In the majority of A1 donors, flow cytometry studies showed a bimodal pattern of A antigen expression on platelets. Thus, in the same individual at the same time point, some platelets demonstrated strong A antigen expression whilst other platelets had low A antigen. Although these findings are consistent with several previous studies23,24, the underlying mechanism remains unknown. To gain further insight into factors that might modulate ABO(H) loading on platelets and VWF, we measured α2-6 linked sialic acid expression on platelets. Similar to ABO(H) determinants, α2-6 linked sialic acid is expressed as a terminal capping sugar moiety at the end of glycan antennae42. Although recent studies reported a relationship between ABO blood group and terminal sialylation on human red cells32, we found no evidence that α2-6 linked sialylation influences quantitative ABO(H) expression on either platelets or VWF respectively.

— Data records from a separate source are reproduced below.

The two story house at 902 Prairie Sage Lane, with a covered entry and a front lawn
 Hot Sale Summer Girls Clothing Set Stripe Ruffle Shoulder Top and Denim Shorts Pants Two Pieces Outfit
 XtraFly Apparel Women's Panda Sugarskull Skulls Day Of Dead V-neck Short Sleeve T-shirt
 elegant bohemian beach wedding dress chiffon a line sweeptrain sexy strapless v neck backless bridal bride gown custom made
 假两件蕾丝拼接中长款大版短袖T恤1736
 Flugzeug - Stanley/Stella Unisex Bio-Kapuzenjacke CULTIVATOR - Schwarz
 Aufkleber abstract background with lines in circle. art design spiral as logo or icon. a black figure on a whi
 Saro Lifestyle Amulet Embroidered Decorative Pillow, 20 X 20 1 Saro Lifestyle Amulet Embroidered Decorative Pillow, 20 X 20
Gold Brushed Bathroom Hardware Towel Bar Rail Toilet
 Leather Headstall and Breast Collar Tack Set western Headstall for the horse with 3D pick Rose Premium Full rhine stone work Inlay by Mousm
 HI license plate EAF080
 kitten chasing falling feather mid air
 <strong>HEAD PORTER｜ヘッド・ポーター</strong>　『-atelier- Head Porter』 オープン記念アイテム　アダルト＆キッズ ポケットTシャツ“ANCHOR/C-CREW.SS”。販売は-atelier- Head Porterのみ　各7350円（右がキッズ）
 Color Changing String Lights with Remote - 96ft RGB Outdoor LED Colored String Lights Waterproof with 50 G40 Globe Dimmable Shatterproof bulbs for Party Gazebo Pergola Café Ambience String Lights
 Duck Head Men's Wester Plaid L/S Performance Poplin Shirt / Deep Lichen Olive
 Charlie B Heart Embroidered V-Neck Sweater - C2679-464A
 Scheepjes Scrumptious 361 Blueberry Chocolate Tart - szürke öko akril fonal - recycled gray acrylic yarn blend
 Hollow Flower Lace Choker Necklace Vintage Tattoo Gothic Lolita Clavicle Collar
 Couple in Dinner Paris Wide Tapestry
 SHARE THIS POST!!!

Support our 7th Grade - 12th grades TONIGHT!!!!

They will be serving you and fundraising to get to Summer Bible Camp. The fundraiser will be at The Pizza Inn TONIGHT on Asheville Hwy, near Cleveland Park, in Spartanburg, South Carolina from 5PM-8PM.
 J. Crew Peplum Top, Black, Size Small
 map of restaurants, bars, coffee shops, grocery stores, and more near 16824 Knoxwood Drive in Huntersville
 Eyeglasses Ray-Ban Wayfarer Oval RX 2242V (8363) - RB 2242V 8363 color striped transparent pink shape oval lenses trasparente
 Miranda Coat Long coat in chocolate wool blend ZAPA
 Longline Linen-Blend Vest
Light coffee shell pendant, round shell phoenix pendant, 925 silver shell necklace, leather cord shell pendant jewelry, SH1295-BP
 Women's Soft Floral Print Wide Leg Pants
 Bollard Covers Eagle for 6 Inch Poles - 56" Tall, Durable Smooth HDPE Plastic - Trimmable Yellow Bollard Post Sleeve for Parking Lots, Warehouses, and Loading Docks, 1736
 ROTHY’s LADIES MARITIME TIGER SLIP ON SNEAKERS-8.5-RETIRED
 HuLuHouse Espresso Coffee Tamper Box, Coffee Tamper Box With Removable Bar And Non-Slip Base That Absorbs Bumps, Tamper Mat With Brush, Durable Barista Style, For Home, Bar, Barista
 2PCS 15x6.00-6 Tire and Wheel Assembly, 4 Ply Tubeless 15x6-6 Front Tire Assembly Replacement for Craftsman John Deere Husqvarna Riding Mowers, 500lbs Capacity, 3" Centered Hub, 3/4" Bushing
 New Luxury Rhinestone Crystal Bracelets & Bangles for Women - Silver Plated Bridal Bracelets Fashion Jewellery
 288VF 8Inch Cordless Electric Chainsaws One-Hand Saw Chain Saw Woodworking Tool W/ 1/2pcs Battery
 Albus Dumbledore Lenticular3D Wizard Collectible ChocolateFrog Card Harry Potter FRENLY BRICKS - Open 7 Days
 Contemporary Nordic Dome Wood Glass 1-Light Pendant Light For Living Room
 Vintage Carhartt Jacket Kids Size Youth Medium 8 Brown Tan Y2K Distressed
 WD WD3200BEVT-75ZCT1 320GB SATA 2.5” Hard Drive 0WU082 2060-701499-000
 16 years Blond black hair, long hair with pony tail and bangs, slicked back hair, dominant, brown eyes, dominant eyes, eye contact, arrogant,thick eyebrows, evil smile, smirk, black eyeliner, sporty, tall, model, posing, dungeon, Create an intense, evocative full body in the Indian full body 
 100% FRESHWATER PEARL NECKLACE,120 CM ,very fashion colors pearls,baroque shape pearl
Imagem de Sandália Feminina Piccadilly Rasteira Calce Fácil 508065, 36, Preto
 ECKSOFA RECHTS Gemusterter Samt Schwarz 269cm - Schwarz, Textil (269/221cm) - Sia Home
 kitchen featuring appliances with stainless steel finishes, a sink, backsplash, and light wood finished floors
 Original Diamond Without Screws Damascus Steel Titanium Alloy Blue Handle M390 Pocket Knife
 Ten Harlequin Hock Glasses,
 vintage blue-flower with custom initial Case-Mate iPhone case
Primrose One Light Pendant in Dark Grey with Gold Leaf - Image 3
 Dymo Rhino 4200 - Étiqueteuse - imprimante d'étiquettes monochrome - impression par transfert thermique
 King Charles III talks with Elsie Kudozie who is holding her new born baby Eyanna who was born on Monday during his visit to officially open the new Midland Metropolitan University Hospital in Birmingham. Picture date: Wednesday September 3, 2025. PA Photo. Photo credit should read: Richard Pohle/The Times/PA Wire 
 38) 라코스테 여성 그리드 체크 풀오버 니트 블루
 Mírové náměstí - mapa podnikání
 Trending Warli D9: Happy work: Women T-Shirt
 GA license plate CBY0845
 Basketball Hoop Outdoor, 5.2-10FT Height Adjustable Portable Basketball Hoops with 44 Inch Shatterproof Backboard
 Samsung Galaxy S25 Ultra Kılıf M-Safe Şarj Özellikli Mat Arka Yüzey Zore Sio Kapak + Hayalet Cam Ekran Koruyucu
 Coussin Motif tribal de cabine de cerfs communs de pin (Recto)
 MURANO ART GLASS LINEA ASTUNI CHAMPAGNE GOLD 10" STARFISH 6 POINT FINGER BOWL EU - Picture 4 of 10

In conclusion, our findings highlight the fact that ABO expresser traits significantly influence quantitative ABO(H) expression on both platelets and plasma-derived VWF. This concept is important when considering potential biological pathways that may explain emerging GWAS data identifying ABO as a disease-associated locus. Additional studies will be required to define whether HXP and LXP also influence ABH expression in other tissues. In addition, further research will also be necessary to elucidate whether inter-individual variations in ABO(H) expression on platelets and/or VWF (particularly HXP and LXP) impact upon risk for cardiovascular disease (e.g. bleeding, thrombosis, TTP)8,43, or indeed susceptibility to specific types of sepsis.